_What to do:_
Would you retype the whole listing exactly, leaving its pictures out?
*** Data supplied ***
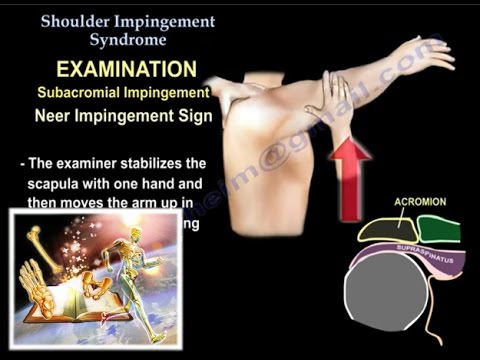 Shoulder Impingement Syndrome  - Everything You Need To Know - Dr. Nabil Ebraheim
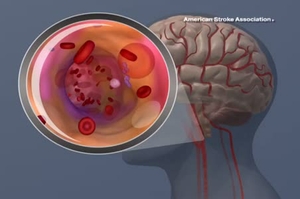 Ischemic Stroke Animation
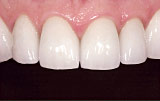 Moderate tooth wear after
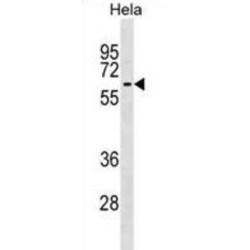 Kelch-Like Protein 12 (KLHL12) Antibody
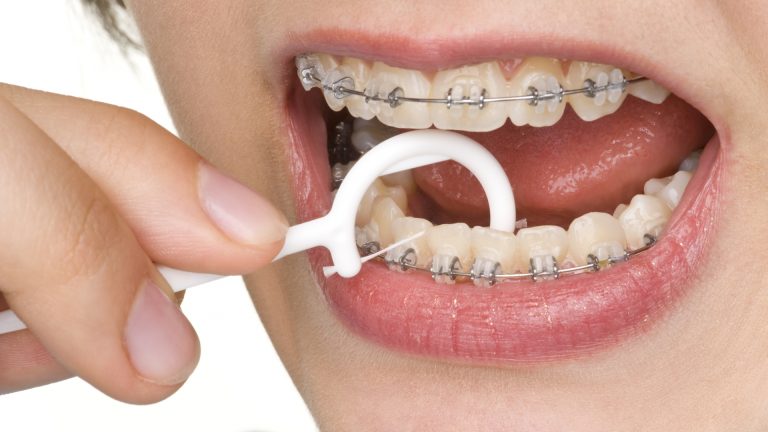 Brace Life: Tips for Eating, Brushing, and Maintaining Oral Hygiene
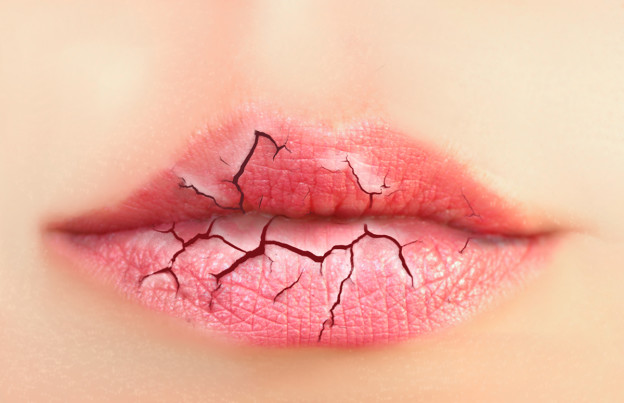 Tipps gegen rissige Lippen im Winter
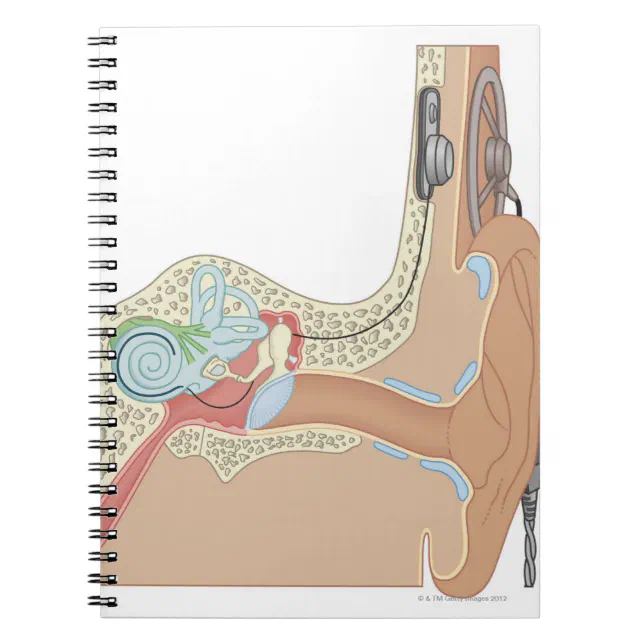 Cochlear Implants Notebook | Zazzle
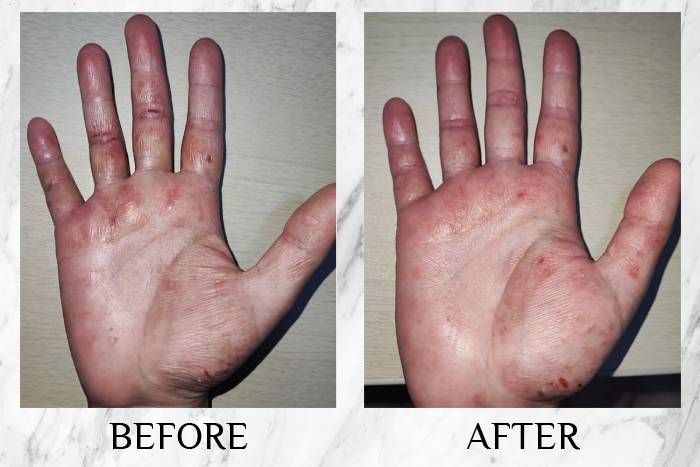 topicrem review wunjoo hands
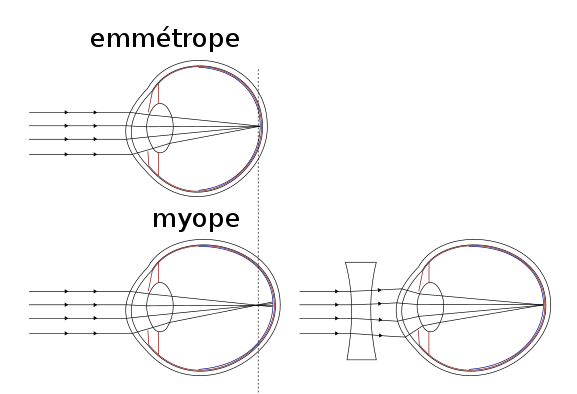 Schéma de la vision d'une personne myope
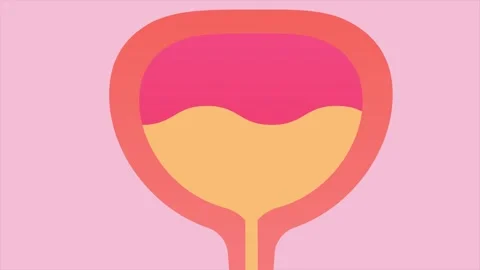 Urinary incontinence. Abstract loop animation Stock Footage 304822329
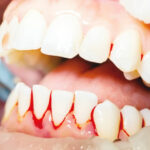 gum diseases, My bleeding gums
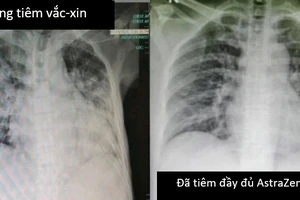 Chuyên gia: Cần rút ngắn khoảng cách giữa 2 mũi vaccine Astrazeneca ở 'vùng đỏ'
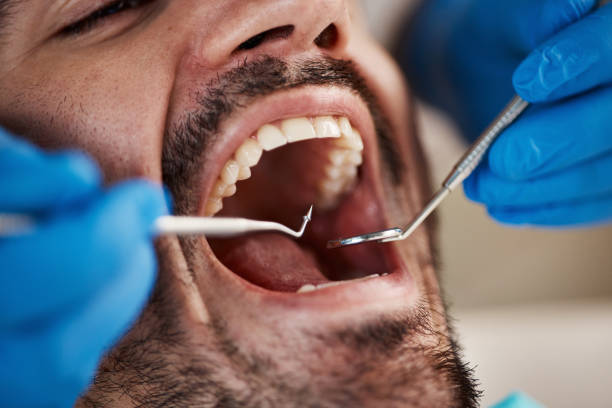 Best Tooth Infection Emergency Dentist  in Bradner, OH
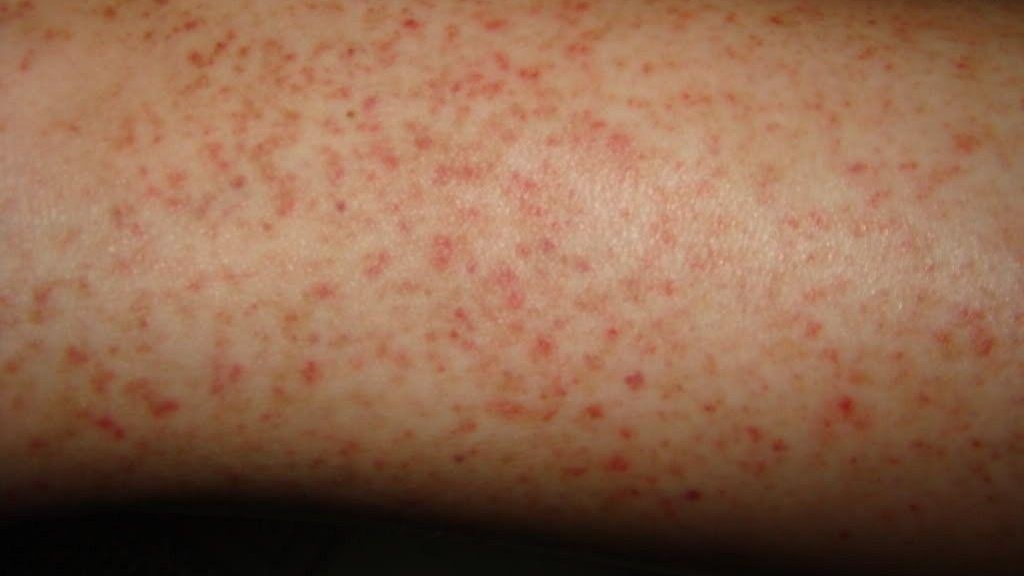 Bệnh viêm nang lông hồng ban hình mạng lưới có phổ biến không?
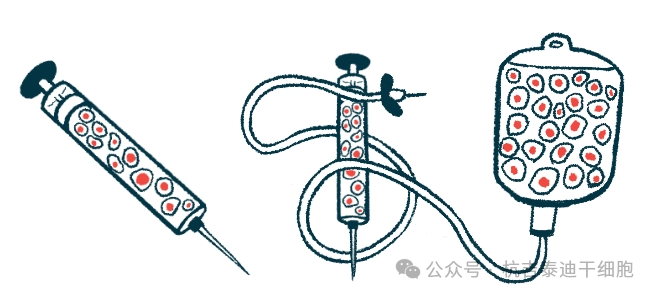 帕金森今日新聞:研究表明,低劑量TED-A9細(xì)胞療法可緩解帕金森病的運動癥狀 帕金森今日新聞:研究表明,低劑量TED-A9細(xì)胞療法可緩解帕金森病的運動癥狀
***
_The answer:_
 Shoulder Impingement Syndrome  - Everything You Need To Know - Dr. Nabil Ebraheim
 Ischemic Stroke Animation
 Moderate tooth wear after
 Kelch-Like Protein 12 (KLHL12) Antibody
 Brace Life: Tips for Eating, Brushing, and Maintaining Oral Hygiene
 Tipps gegen rissige Lippen im Winter
 Cochlear Implants Notebook | Zazzle
 topicrem review wunjoo hands
 Schéma de la vision d'une personne myope
 Urinary incontinence. Abstract loop animation Stock Footage 304822329
 gum diseases, My bleeding gums
 Chuyên gia: Cần rút ngắn khoảng cách giữa 2 mũi vaccine Astrazeneca ở 'vùng đỏ'
 Best Tooth Infection Emergency Dentist  in Bradner, OH
 Bệnh viêm nang lông hồng ban hình mạng lưới có phổ biến không?
 帕金森今日新聞:研究表明,低劑量TED-A9細(xì)胞療法可緩解帕金森病的運動癥狀 帕金森今日新聞:研究表明,低劑量TED-A9細(xì)胞療法可緩解帕金森病的運動癥狀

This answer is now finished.